Overview
The Sanctions Update is compiled by Steptoe’s International Trade and Regulatory Compliance team and Steptoe’s Strategic Risk team. You can subscribe to receive the Sanctions Update every week through Steptoe’s International Compliance Blog and Stepwise Risk Outlook publication home pages.
For more information or advice on any of the developments discussed below, please contact a member of our sanctions team here.
US Developments
Congress Renews Call for Russia Sanctions as Trump Plans Summit with Putin
Senate Majority Leader John Thune (R-SD) said last week that Members of Congress are “talking about a time and date” for a vote on the Sanctioning Russia Act of 2025 (S. 1241) and that, in his opinion, “it’s time to move” on it. Multiple Senators including Senator Jeanne Shaheen (D-NH), the Ranking Member of the Senate Foreign Relations Committee, and Senator Dick Durbin (D-IL), the Senate Democratic Whip, voiced their support for passing the legislation, which already has strong bipartisan support across both Chambers.
Thune said that he expects the bill to be brought up in the next 30 days. Depending on when the legislation is brought forward, Congress may be voting on the Act at the same time as President Trump’s planned meeting with Russian President Vladimir Putin in Budapest, Hungary. After a call with Putin on October 16, Trump said negotiations to end the war in Ukraine will happen after a delegation led by Secretary of State Marco Rubio meets with their Russian counterparts this week.
If the bill passes before the meeting with Putin, Trump may use it as part of his efforts to end Russian energy purchases across Europe, India, and other countries as leverage in the negotiations. However, the White House has argued in the past that the Act would restrict Trump’s flexibility in his negotiations with Russia. In particular, the administration has said that the Act would limit the ability of the President to offer Russia relief from sanctions in exchange for a favorable end to the war. Although Trump has also voiced support for imposing sanctions on Russia in the past, it is unclear whether he would sign the Act if it were to pass Congress during his administration’s negotiations with Russia.

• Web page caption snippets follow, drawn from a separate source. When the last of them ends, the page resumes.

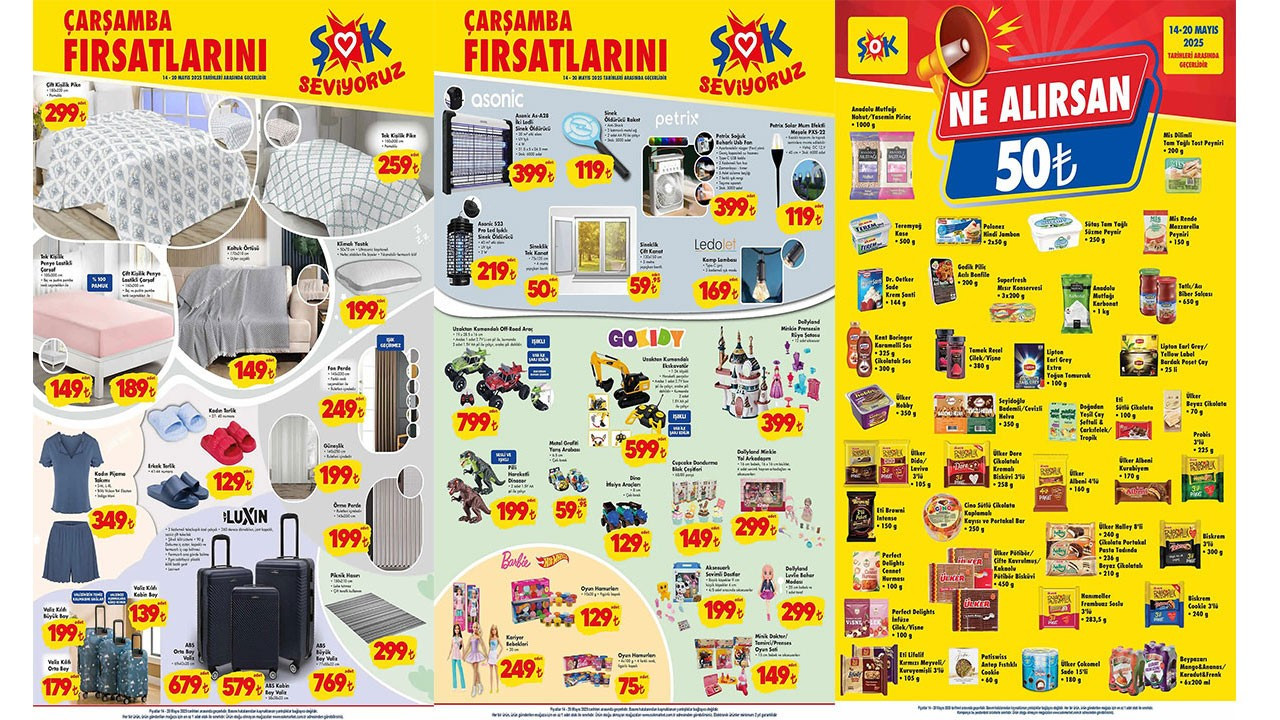 ŞOK Çarşamba Fırsatları!  ŞOK’a Üçlü Valiz Seti geliyor! (ŞOK 14-20 MAYIS AKTÜEL ÜRÜNLER KATALOĞU)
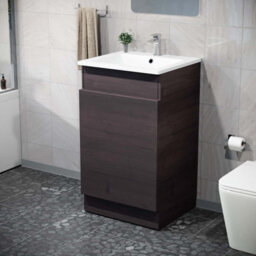 Nes Home 485mm Left Hand Dark Oak Vanity Unit With White Resin Basin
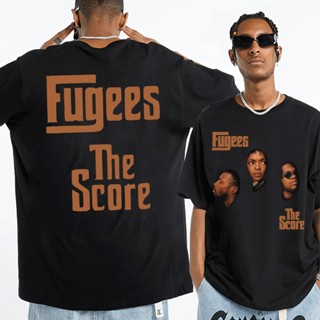 sadasเสื้อครอปสายฝอ วงฮิปฮอปยุค 90 The Fugees คะแนนเสื้อยืดสําหรับผู้หญิงฤดูร้อน Oversize แฟชั่นอัลบั้มเพลงพิมพ์แขนสั้นเ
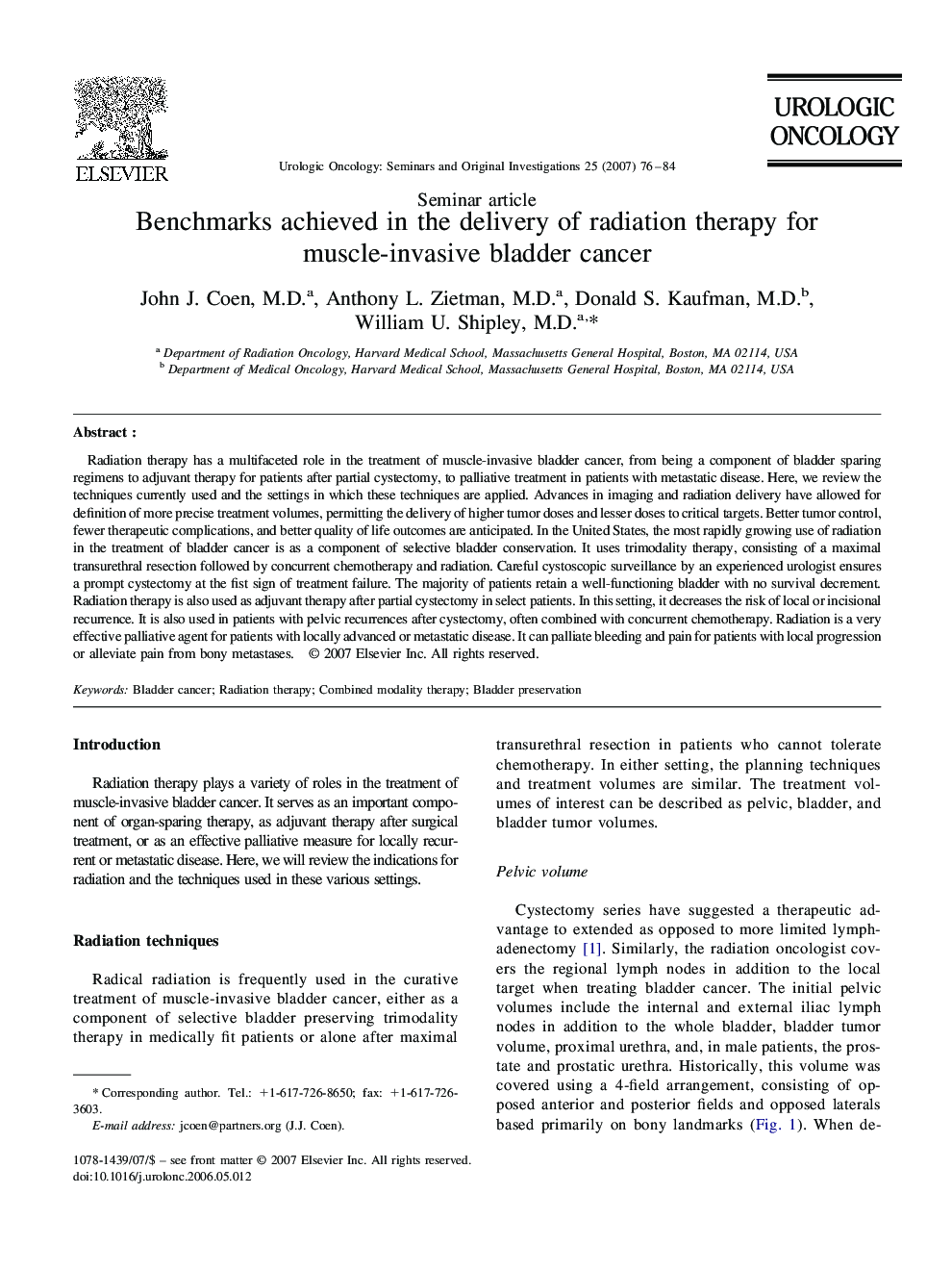 Benchmarks achieved in the delivery of radiation therapy for muscle-invasive bladder cancer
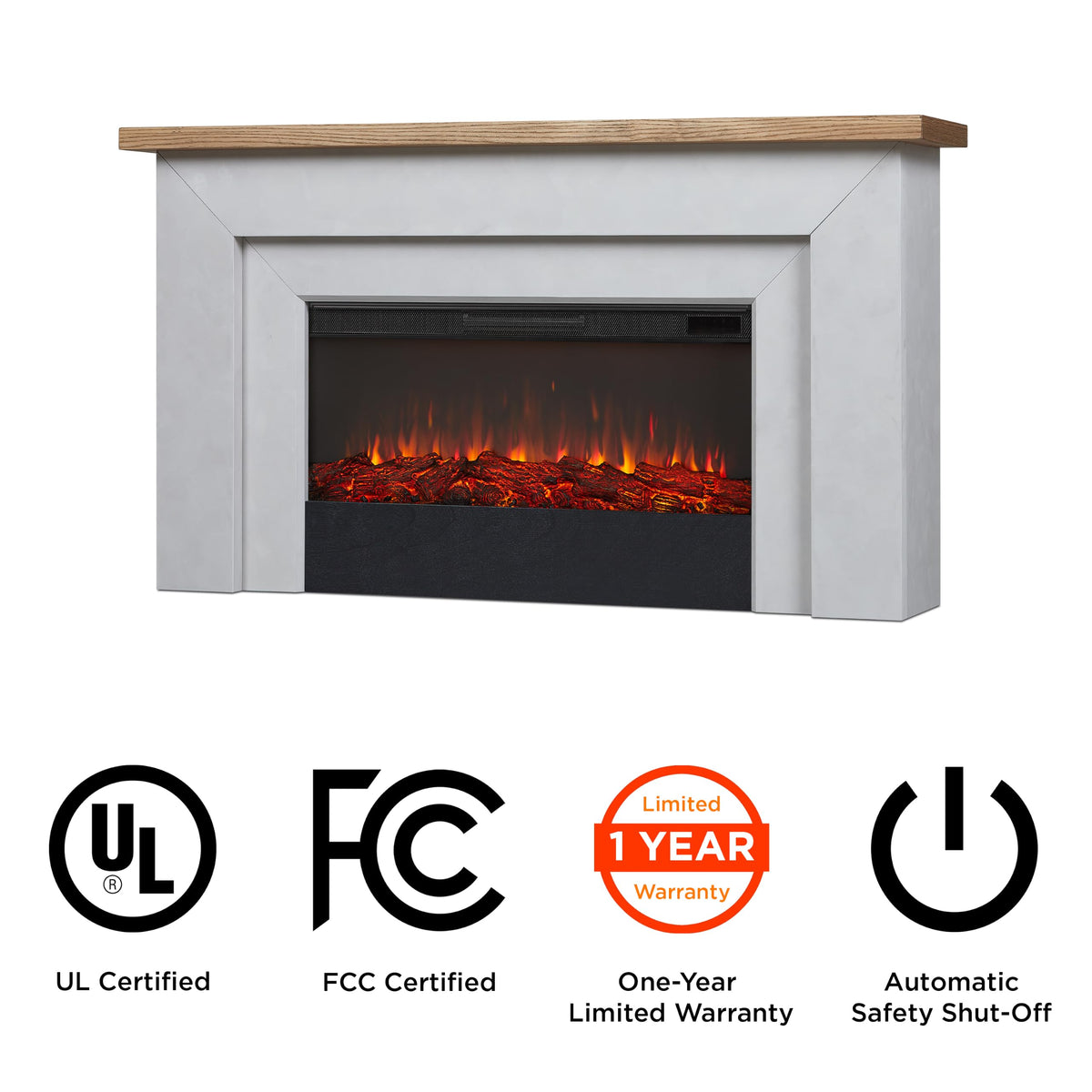 Real Flame Malie 68" Landscape Electric Fireplace with Mantel for Living Room or Bedroom, Replaceable Fireplace Insert Heater, Realistic Log and Flame Effect, Remote Control, Timer - Venetian Gray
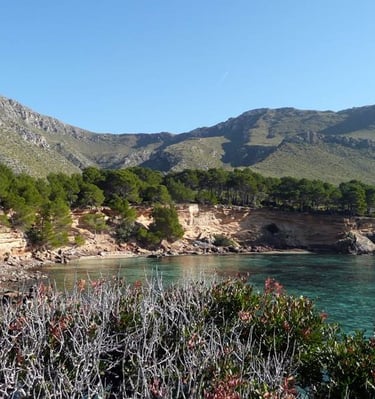 a mountain scene with a body of water and mountains in the background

OFAC Targets Affiliates of Haitian Gang
On October 17, OFAC sanctioned two individuals for their support of or affiliation with Viv Ansanm, a coalition of gangs that was designated as a Foreign Terrorist Organization (FTO) and Specially Designated Global Terrorist (SDGT) on May 2, 2025, for contributing to destabilizing activities in Haiti, including coordinated attacks on critical infrastructure. One of the designated individuals, Dimitri Herard, is a former Haitian police officer who OFAC alleges was connected to, and later imprisoned for, the assassination of former President Jovenel Moïse in 2021. OFAC alleges that the other designated individual, Kempes Sanon, is the leader of the Bel Air gang, a constituent gang in the Viv Ansanm alliance, that has been involved in indiscriminate civilian killings and extortion, among other crimes.
UK Developments
UK to Move to a Single Sanctions List from January 2026
The UK Government has announced that from January 28, 2026, the UK Sanctions List will become the single authoritative source for all UK sanctions designations. Currently, UK designations are detailed in two lists, the UK Sanctions List, published by the Foreign, Commonwealth and Development Office (FCDO) and the Consolidated List of Asset Freeze Targets, published for HM Treasury by the Office of Financial Sanctions Implementation (OFSI). The OFSI Consolidated List of Asset Freeze Targets will close at 09:00 GMT on January 28, 2026. This change, jointly announced by the FCDO, HM Treasury and OFSI, responds to industry feedback that a single list will simplify compliance and remove duplication when screening UK designated persons. Businesses that currently rely on both lists are advised to switch to the UK Sanctions List as their primary data source well in advance of the transition and review their internal systems accordingly. Updated UK Government guidance has been published to support compliance preparations.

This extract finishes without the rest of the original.